Crab & Developer
Hey Crab, I’ve been working on optimizing a radix sort for large datasets and I’d love to hear your thoughts on the most efficient approach for fixed‑width integer keys.
Nice project—radix sort can beat quicksort on big data if you keep the passes tight. For fixed‑width integers, use a fixed number of passes equal to the word size divided by your digit width. Keep the digit width to a power of two so you can use bit masking and shifting instead of division. Also, use counting arrays of size 2^digit_width; if that’s too big, split into two passes. Pre‑allocate the count and output buffers so you don’t pay for reallocations. Finally, try a two‑bucket scheme for small counts: if the range in a bucket is tiny, you can switch to insertion sort to cut the constant factor. That keeps the cache friendly and the overhead low.
Great points, Crab. I’ll profile the bit‑masking path first—division is a killer on modern CPUs. For the two‑bucket shortcut, make sure the threshold is tuned; 32 elements is usually safe, but I’ll try 64 to see if the cache line alignment helps. Also, double‑check that the count array stays in L1; if it spills, the whole thing slows. Will run a benchmark against a well‑tuned quicksort and see. Thanks for the roadmap.
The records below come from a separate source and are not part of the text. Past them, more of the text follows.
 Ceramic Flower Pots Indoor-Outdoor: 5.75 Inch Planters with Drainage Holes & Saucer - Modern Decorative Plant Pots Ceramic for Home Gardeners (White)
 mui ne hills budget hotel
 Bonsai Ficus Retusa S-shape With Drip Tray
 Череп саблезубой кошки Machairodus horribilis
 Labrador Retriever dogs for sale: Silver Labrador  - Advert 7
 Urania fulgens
Sounds solid—keep the count array to 256 or 512 slots so it stays in L1. For the 64‑element threshold, monitor branch mispredictions; sometimes a smaller cutoff gives smoother pipelining. Good luck with the benchmark; the real win comes when the data size dwarfs the overhead of the extra passes. Keep the profiling tight.
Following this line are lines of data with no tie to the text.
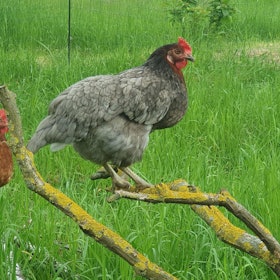 20221028-pf-Hühner4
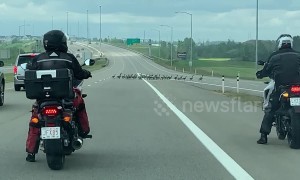 Motorists stop traffic allowing gaggle of geese to cross Canadian highway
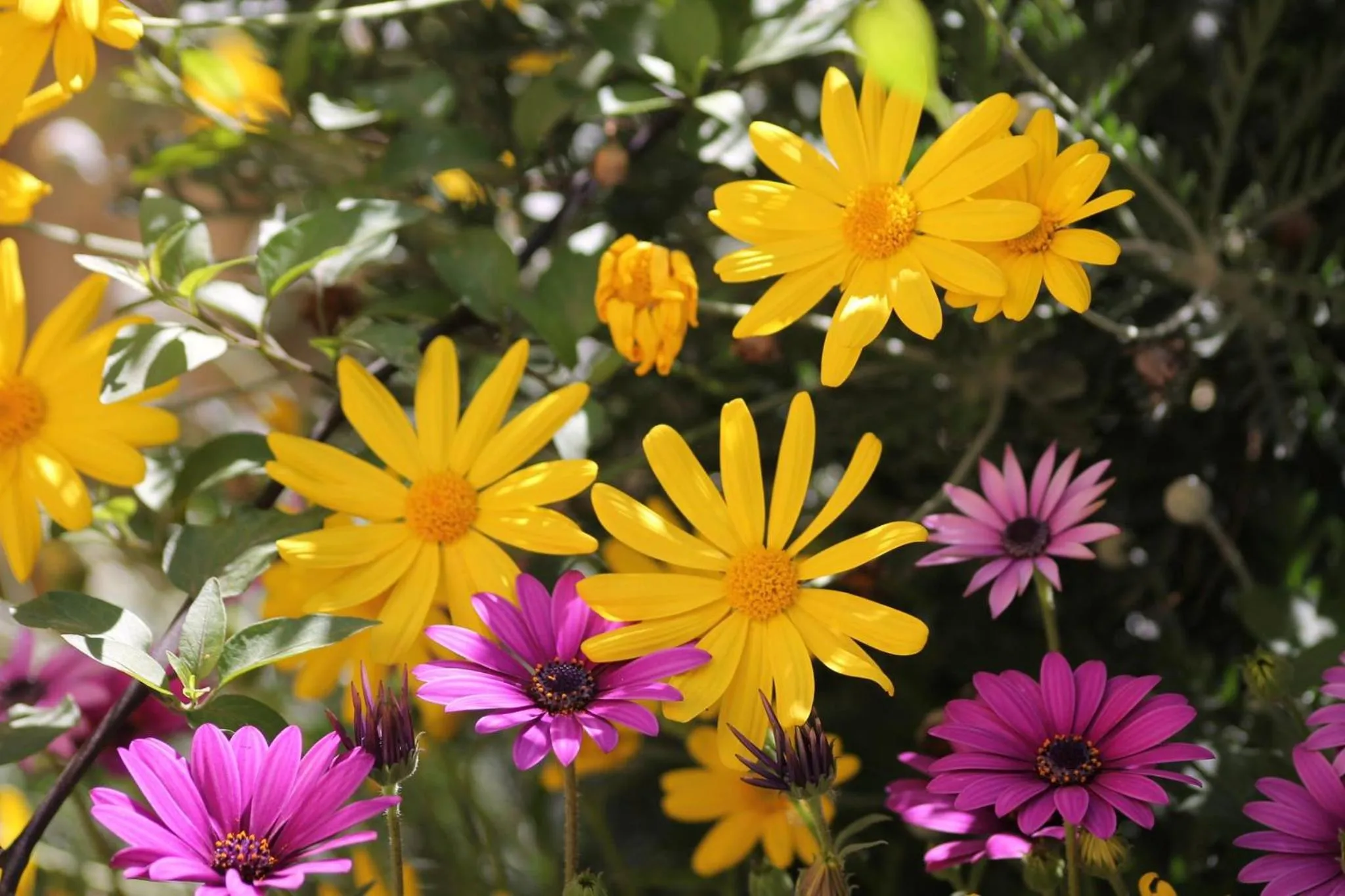 Garden in Casa Munay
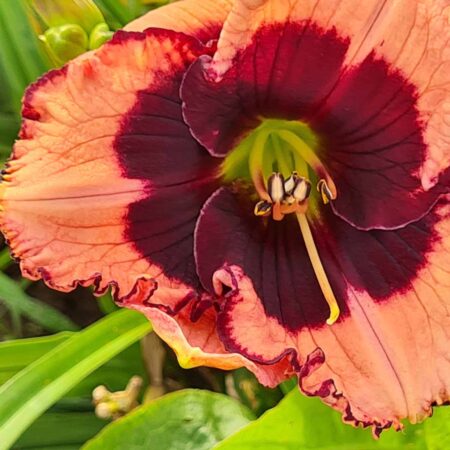 Liliowiec 'Jammin with Jane' (Hemerocallis 'Jammin with Jane')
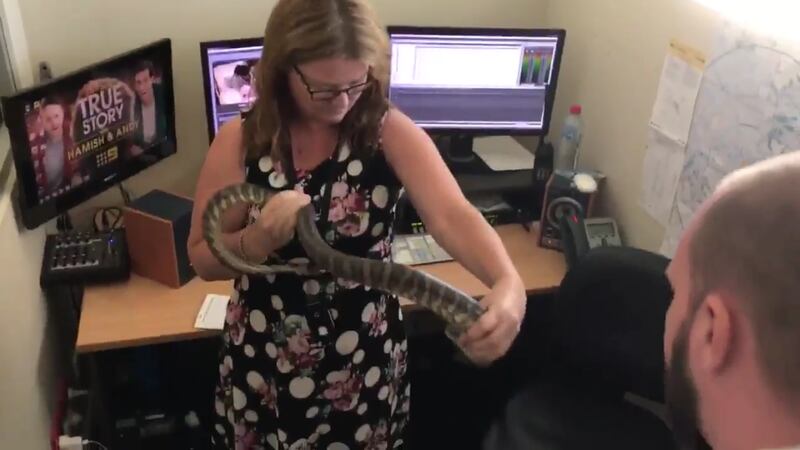 Kate Limon walked into a nasty surprise when her team found a carpet python curled up beside a computer monitor on Monday.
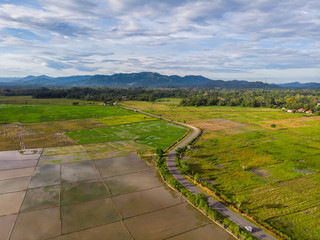 Amazing Beautiful Aerial view of young green rice paddy field at Kota Belud, Sabah, Malaysia
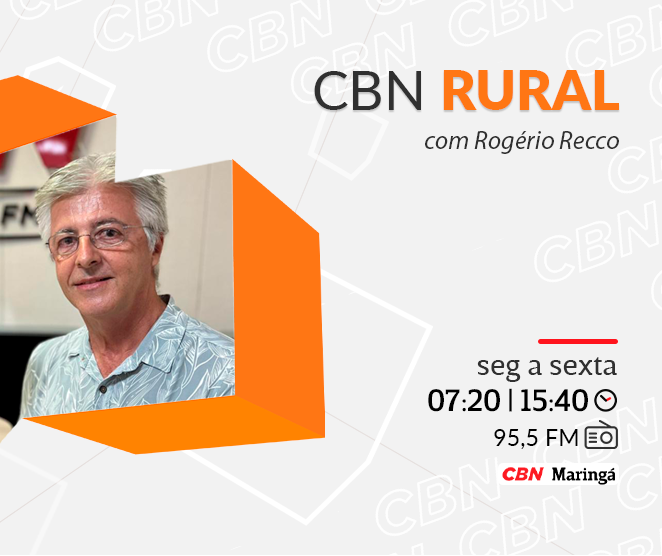 Área segurada deve cair à metade com cortes no seguro rural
Nice, I’ll lock the count array at 512 to be safe. I’ll add a small profiler that tracks branch mispredictions for the 64‑item cutoff; if the pipeline stalls, I’ll drop it to 32. And I’ll set up a quick script to push the data size up to 10 GB so the extra passes don’t dominate. Thanks for the heads‑up.
Looks like a plan—just watch that 512 count array doesn’t push into L2 on the slowest core. If the mispred counts rise, revert to 32 and maybe keep a small lookup table to avoid the branch. Good luck with the 10 GB run.
Will check the L2 pressure first, then if the branch mispreds climb I’ll roll back to 32 and add a tiny table lookup. 10 GB run next.